Scrims and glowering lighting, along with unobtrusive but atmospheric video projections – down to Malcolm Rippeth and Akhila Krishnan respectively – gave the whole thing a baleful, doom-laden feel. You can practically smell the musty damp of the coastline. The stage itself was relatively empty, giving us a feeling of the sea’s awesomeness and the lonely isolation of key characters; rickety wooden steps and platforms kept the place feeling desperate and precarious. There are clever psychological touches – as Avis is denounced and banished from the community, her would-be lover Jacquet seemingly follows behind her, as if to make a life with her – only to close the gate behind her and shut her out.

Remarkable Contrast & Dexterity

Philip Horst’s Pasko had a cold strength in his voice, notwithstanding a couple of slightly overblown top notes, and strutted about the stage with a sneer of cold command; he proved especially effective as a center of vocal and dramatic gravity in the chorus scenes, and softened just enough to hint at some residual humanity when he discovers the truth about Thurza in Act two. James Rutherford’s Laurent made a more bullish counterpart, also singing with real intensity and focus.

Rodrigo Porras Garulo makes the quite contrast as Marc, a pleasingly flexible tenor with silky, smoldering lines, and more gentle colors across his soft-grained voice. The final act calls for a more Wagnerian vocal disposition, and despite a couple of hints of tiredness early on, he rang defiantly throughout.

His lover Thurza was a darkly-gleaming Karis Tucker, who showed remarkable dexterity and consistency across Smyth’s ambitious mezzo-soprano writing, with top notes that probably please most sopranos. Lauren Fagan’s Avis was (effectively) brittle and waspish, with razor-sharp top notes and and especially lancing way with the spoken moments of the text; she summoned a different kind of wildness to Tucker, whose steel comes from moral strength. Fagan’s Avis knows how hard the world is and rages against it. Marta Fontanals-Simmons put in a raffish turn as Jacquet.

Smyth’s original score was bowdlerized in its previous incarnations; here around half an hour of new music has been retouched and re-orchestrated by Glyndebourne’s Martyn Bennett and composer Tom Poster. It’s lively and multicolored affair, if often quite densely woven, and embroidered with a host of influences that certainly keeps listeners on their toes. At one moment we are in a Verdi grand opera, with spectacular orchestral and choral climaxes; there is a whisper of “Carmen” in Avis’ smoky seguidilla; trombones glower as if in “Gotterdammerung;” Act two begins with a Debussyian waft of harp and strings. The overture has all of the derring-do of the film music of Korngold that would come some decades later.

The chorus writing is the most impressive compositional achievement – boldly drawn, richly-textured, and thrillingly interpolated into the narrative. (The Glyndebourne Chorus, prepared by Aidan Oliver, were on roof-raising form). Marc and Thurza’s music smolders then explodes with Wagnerian extravagance; Smyth’s other notable achievement from a compositional point of view is reconciling mezzo with tenor as vocal and dramatic leads.

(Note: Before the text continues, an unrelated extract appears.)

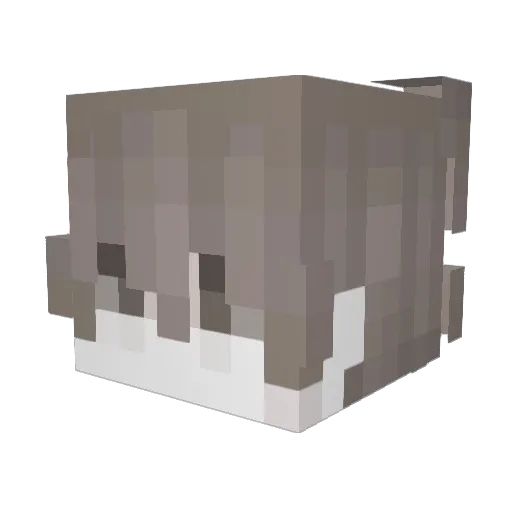 cvstingspells Minecraft avatar head, 3D render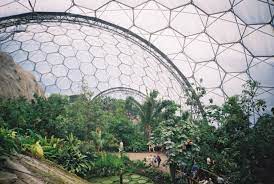 Eden project is part of the google arts and culture's gardens united project. Eden Project Morris Hargreaves Mcintyre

This is all presented with enormous panache and commitment by Robin Ticciati and the Glyndebourne pit band, the London Philharmonic Orchestra. Ticciati builds on recent successes in French repertoire at Glyndebourne by drawing out the Gounod-like qualities of the score, as well reminding us of his oozing, volcanic “Tristan” last summer. Sometimes the wide open set works against the singers, with Pasko particularly feeling like he had to push at times (he wasn’t the only one), and the excitement in the pit sometimes clouded uneven diction.

But Ticciati and his musicians give a full-blooded account of the score that certainly kept the drama moving along. It is neither a solid-gold masterpiece nor a mediocrity, at least in musical terms, and – like many operas with visible seams or formulaic shapes in their music – could live an interesting life as a repertory piece if directed and produced with imagination, as it certainly was here. The drama continued even when we left the theatre – the Glyndebourne gardens had their shroud of darkness punctuated by great burning braziers, like those Marc and Thurza light to warn the ships.

Who doesn’t like a little melodrama?